## What is being asked
Output exactly the lines of the listing below that run from the line with "Used 2022 EMPIRE" through the line with "Used 2021 Lexus". No pictures.

## Dataset content
============
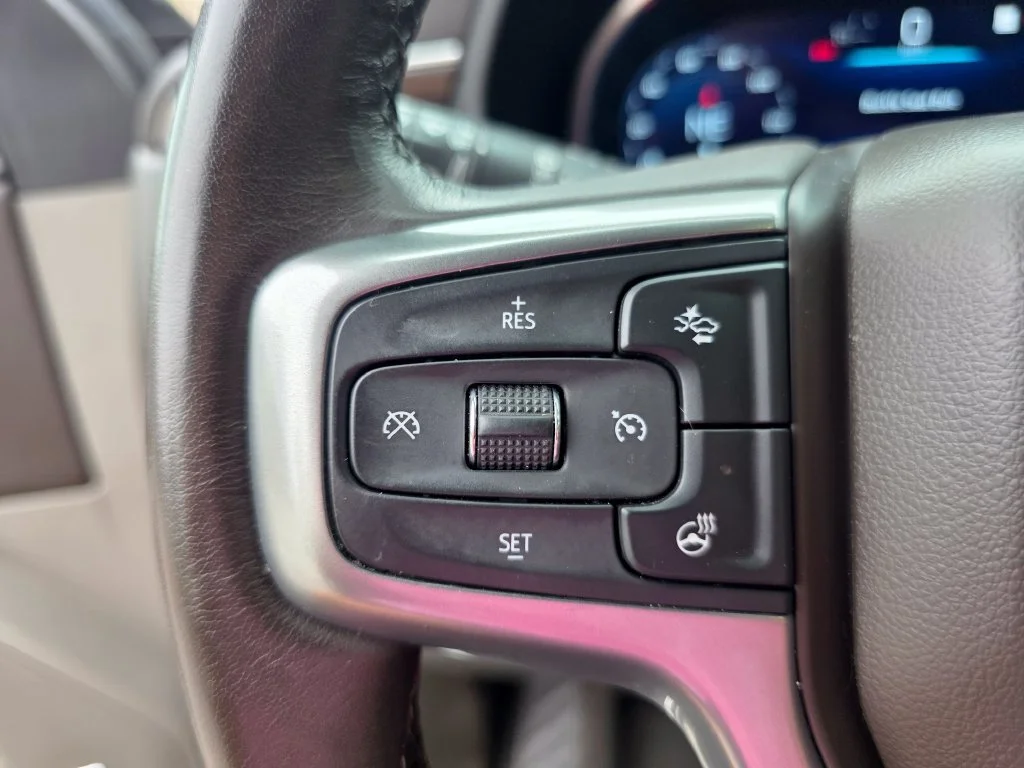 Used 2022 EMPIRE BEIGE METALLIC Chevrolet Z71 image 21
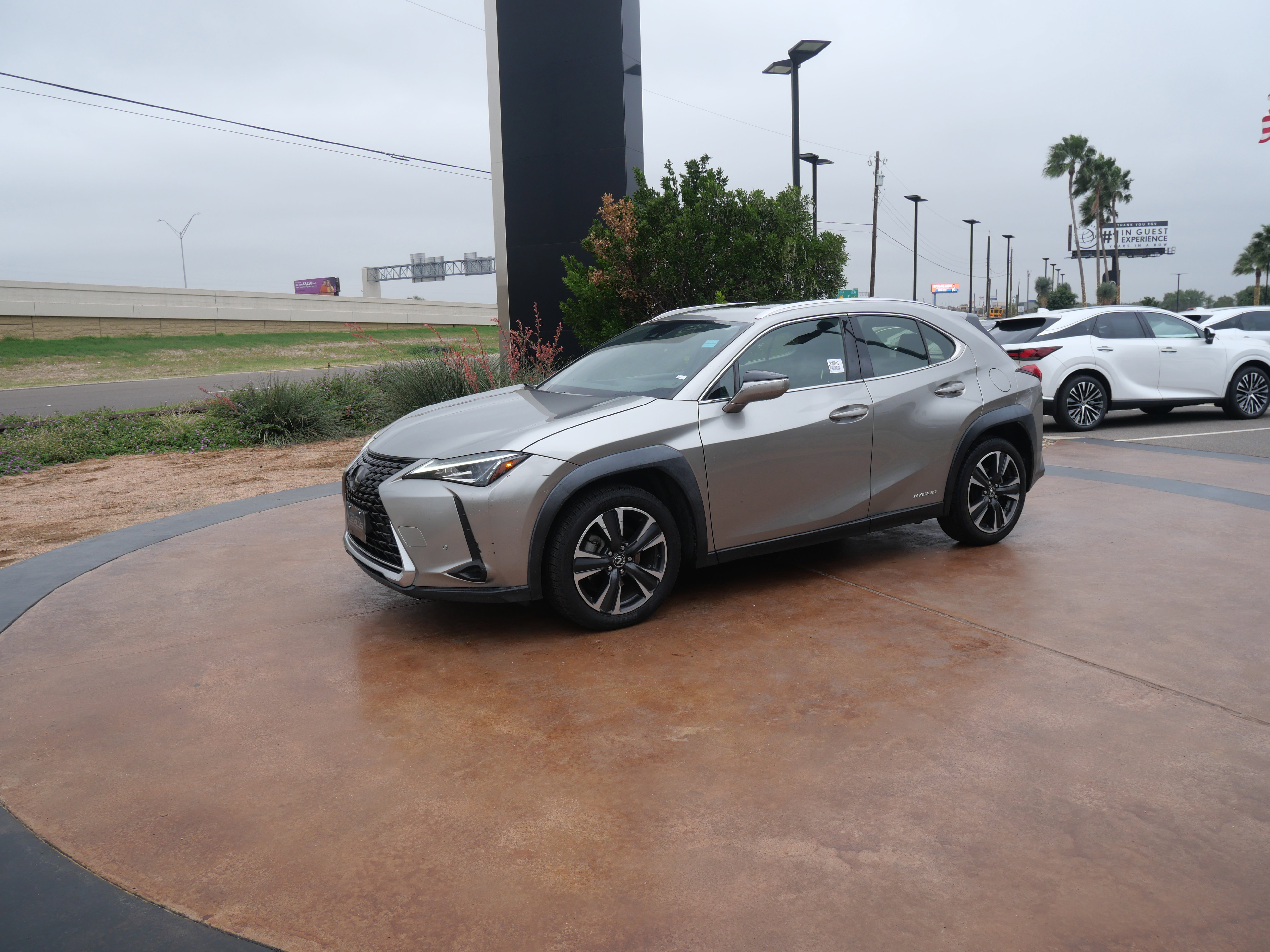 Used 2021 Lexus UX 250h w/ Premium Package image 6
============
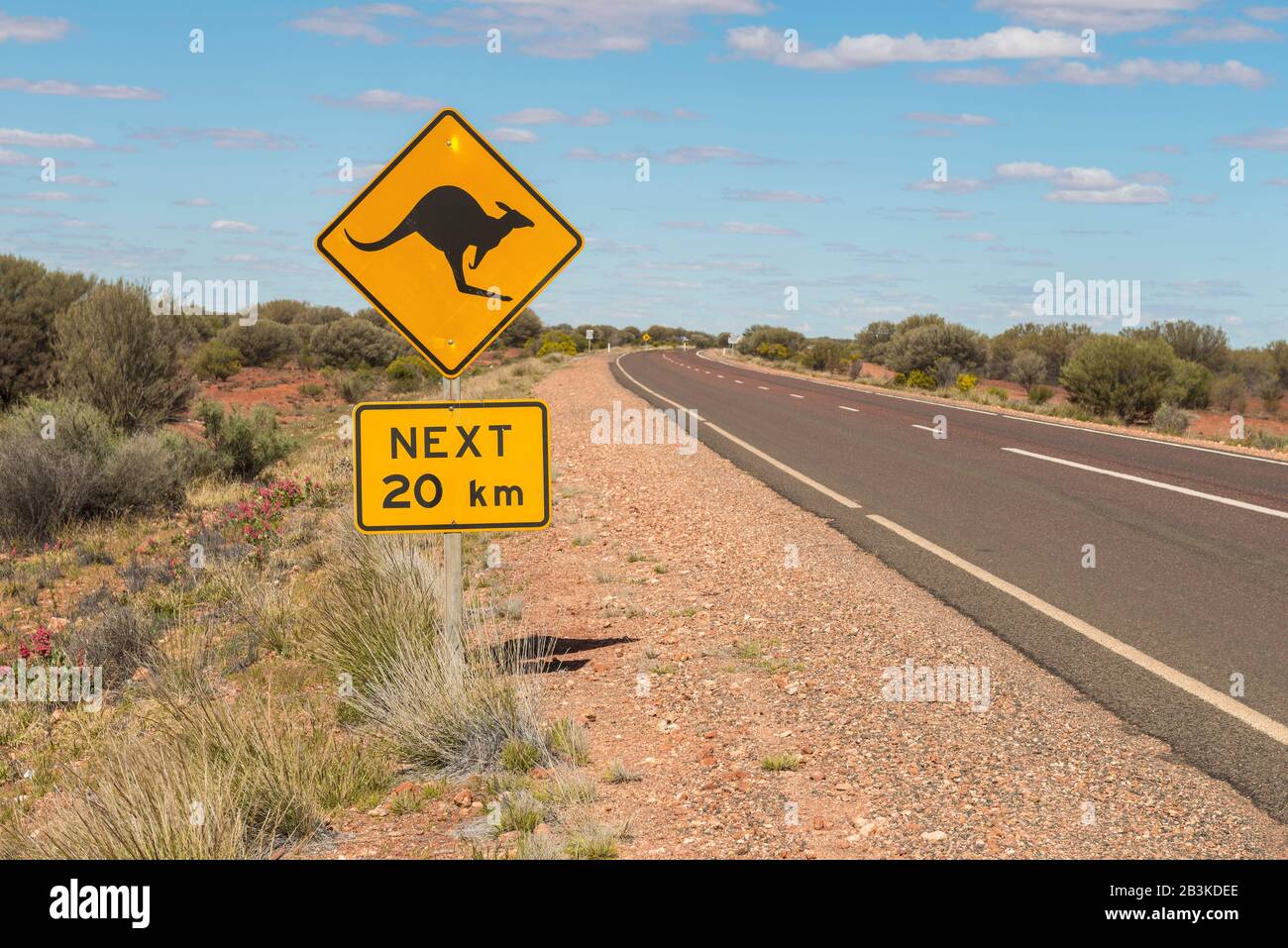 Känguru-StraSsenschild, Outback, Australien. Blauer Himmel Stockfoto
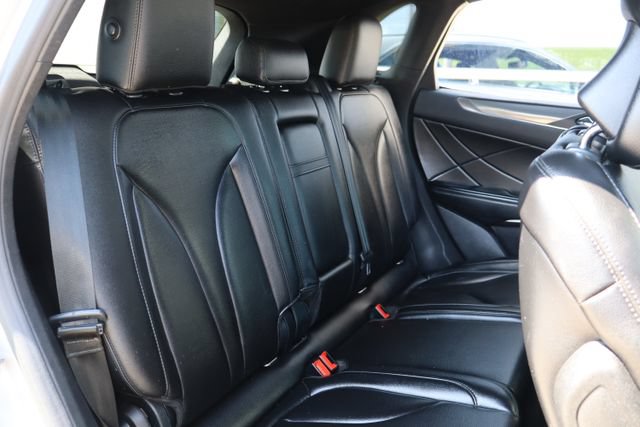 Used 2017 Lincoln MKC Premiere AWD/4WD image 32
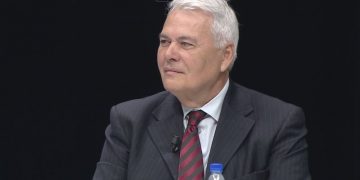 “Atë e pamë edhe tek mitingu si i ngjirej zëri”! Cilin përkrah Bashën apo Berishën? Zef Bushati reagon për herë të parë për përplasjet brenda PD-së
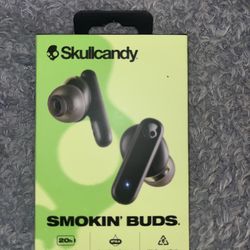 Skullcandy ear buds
============
## Solution
 Used 2022 EMPIRE BEIGE METALLIC Chevrolet Z71 image 21
 Used 2021 Lexus UX 250h w/ Premium Package image 6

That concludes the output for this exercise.